She is also a co-author of Unseen: Unpublished Black History from The New York Times Photo Archives, published by Black Dog & Leventhal in 2017, which explores the history of hundreds of images that languished for decades in the New York Times archives. Her forthcoming book, The 272, emerged from her reporting at the Times and focuses on Georgetown and the Catholic Church and their roots in slavery. It will be published on June 13, 2023.

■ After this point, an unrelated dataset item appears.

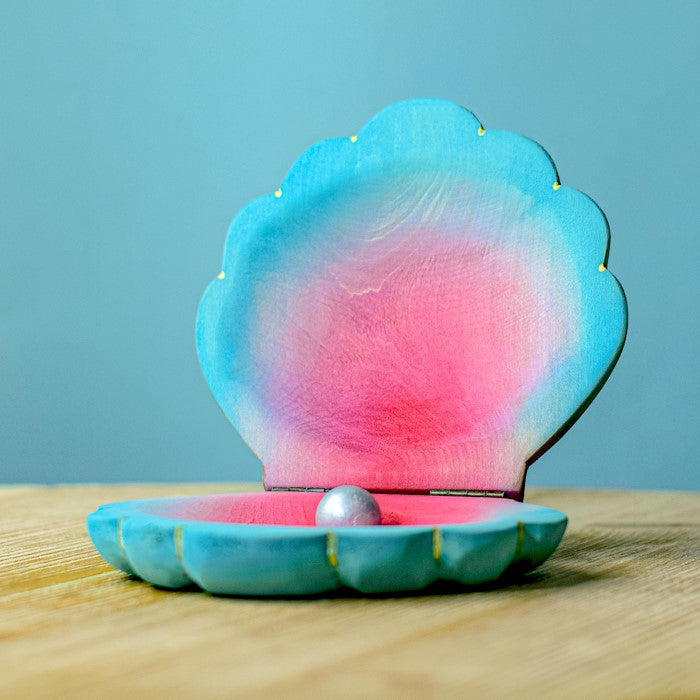 Clam Shell Cubbies Bumbu Toys | Clam Shell with Pearl - Milk Tooth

Ms. Swarns also serves as an academic adviser to the African American Civil War Museum in Washington, D.C., which is launching an exhibit based on her book about Michelle Obama’s ancestors. She has appeared on national programs such as National Public Radio, PBS NewsHour, CNN and CBS This Morning and speaks to groups and audiences around the country.

Q&A with Rachel

Q: You are Black and Catholic. Did you know about the Catholic Church’s roots in slavery when you were growing up?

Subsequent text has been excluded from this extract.